However, a recent study by Scholten et al. challenged the importance of these comorbidities as predictors of readmission in HF patients. Their study found that most commonly recognized comorbidities were not significantly associated with increased 100-day readmission risk, and even for comorbidities that did show significant associations, such as AF, CKD, and COPD, their predictive power was limited, as demonstrated by low area under the curve (AUC) values in receiver operating characteristic (ROC) analyses [11]. These findings raise important questions about the clinical value of traditionally recognized predictors of HF readmission. Furthermore, since most prior studies focused exclusively on the conventional outcome measure of 30-day readmissions, it remains unclear whether the limited predictive ability demonstrated by Scholten et al. at 100 days is similarly evident at this earlier standard time-point.

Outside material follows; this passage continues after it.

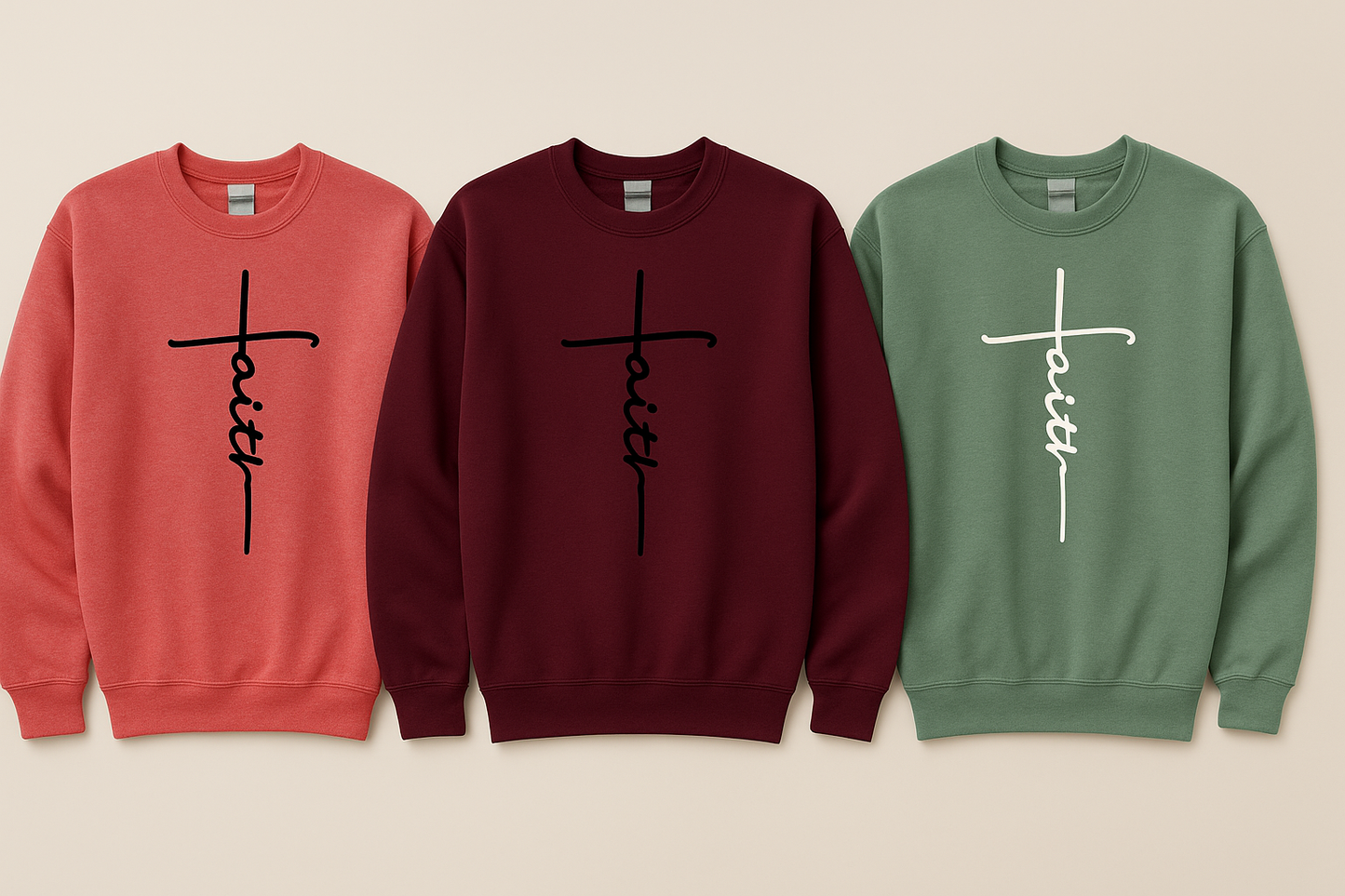 Faith Over Fear Sweatshirt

To address these questions, we elected to reassess the association and predictive power (evaluated by ROC-AUC analysis) of traditional comorbidities linked to HF readmission at 30 and 100 days, in a large cohort of patients admitted with acute decompensated HF (ADHF) and followed for an extended period.
Methods
Study design and population
This retrospective cohort study included adult patients admitted with a primary diagnosis of acute decompensated heart failure (ADHF) at Shamir Medical Center, Be’er Ya’akov, Israel, between January 1, 2007, and December 31, 2017. Eligible patients were those aged 18 years or older, diagnosed with ADHF at admission and at discharge based on ICD-9 codes 428.xx, 429.xx, and 514. Patients who died during the index admission were excluded from the analysis.
Baseline demographic and clinical characteristics, including age, sex, and comorbidities, were obtained from the hospital’s electronic medical record system. Comorbidities assessed included AF, COPD, diabetes mellitus (DM), ischemic heart disease (IHD), peripheral vascular disease (PVD), renal failure (RF), and anemia at admission. The primary outcomes were all-cause hospital readmission within 30 days and within 100 days following discharge. Mortality data were obtained from the national registry of the Israeli Ministry of Interior Affairs and were incorporated as a competing risk in the analysis.

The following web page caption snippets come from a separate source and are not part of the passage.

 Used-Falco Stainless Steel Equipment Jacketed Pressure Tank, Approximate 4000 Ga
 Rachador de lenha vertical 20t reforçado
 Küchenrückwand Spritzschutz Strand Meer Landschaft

The study was approved by the institutional review board (Helsinki Subcommittee) of Shamir Medical Center under IRB number ASF-0063-18, with initial approval granted on April 23, 2018 and the most recent extension approved on March 25, 2025. Owing to the retrospective design and use of anonymized data for reporting, the requirement for informed consent was waived. Data for this study were first accessed for research purposes on March 13, 2025. During data collection and analysis, the dataset included identifying information. However, access to the raw data was restricted to the physician investigator with institutional authorization. All reported results, including tables and figures, are based solely on aggregated data and contain no small cells or other features that could permit identification of individual patients.

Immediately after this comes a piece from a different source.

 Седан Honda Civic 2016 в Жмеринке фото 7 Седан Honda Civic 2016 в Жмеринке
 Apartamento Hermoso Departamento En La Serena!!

This study was reported in accordance with the Strengthening the Reporting of Observational Studies in Epidemiology (STROBE) guidelines for cohort studies [12].
Handling of missing data
Anemia status at admission had 12% missing data, while all covariates used in the analysis were fully complete. Because the present study used Fine-Gray competing risks models (see below), which require complete covariate data and cannot accommodate missing values, missing anemia values were imputed using predictive mean matching (PMM). The imputation model included all other covariates used in the analysis (age, sex, AF, COPD, DM, IHD, PVD, RF) and excluded outcome variables to avoid introducing bias. Five iterations were performed within the imputation process to allow the model to stabilize the imputed values. To examine the impact of the imputation assumptions on the final results, a sensitivity analysis was conducted by comparing ROC performance before and after imputation for both 30-day and 100-day readmission. The AUC values differed by less than 0.005, indicating minimal influence of the imputation strategy. The completed imputed dataset was then used for all subsequent analyses.
Statistical analysis
Age is presented as mean ± standard deviation (SD), and categorical variables are presented as n (%). Group comparisons were performed using Student’s t-test for age and Fisher’s exact test for categorical variables.
The association between comorbidities and readmission risk was assessed using Fine-Gray competing risk proportional hazards models, with hospital readmission as the event of interest and death within the respective follow-up period as a competing risk. Fine-Gray models estimate the hazard of the event of interest by modeling its cumulative incidence over time while accounting for competing events; specifically, patients who experience the competing event (such as death) are retained in the risk set but are no longer able to have the primary event, which avoids overestimating the event probability. Because these individuals remain in the risk set but cannot experience the event, the calculated distribution is referred to as a subdistribution hazard, rather than a cause-specific hazard [13]. Separate models were constructed for 30-day and 100-day readmission outcomes. Subdistribution hazard ratios (sHRs) with 95% confidence intervals (CIs) were reported for each comorbidity. All covariates were included in the multivariable Fine-Gray competing risks models irrespective of their univariable significance, based on their literature-established clinical relevance. This included anemia, [14] CKD, [15] DM, [16] IHD, [17] AF, [18] COPD, [19] and PVD [20]—each of which has been consistently associated with adverse outcomes in heart failure populations.
Model performance was then evaluated using receiver operating characteristic (ROC) curve analysis and the area under the curve (AUC). In contrast to the all-covariate approach used in the multivariable models, here only the comorbidities that remained independently significant after the multivariable models were included in the ROC analyses. ROC curves were constructed separately for the 30-day and 100-day readmission models. AUC values were interpreted as follows: 0.5 indicating no discrimination, 0.6–0.7 poor, 0.7–0.8 acceptable, 0.8–0.9 excellent, and >0.9 outstanding discrimination.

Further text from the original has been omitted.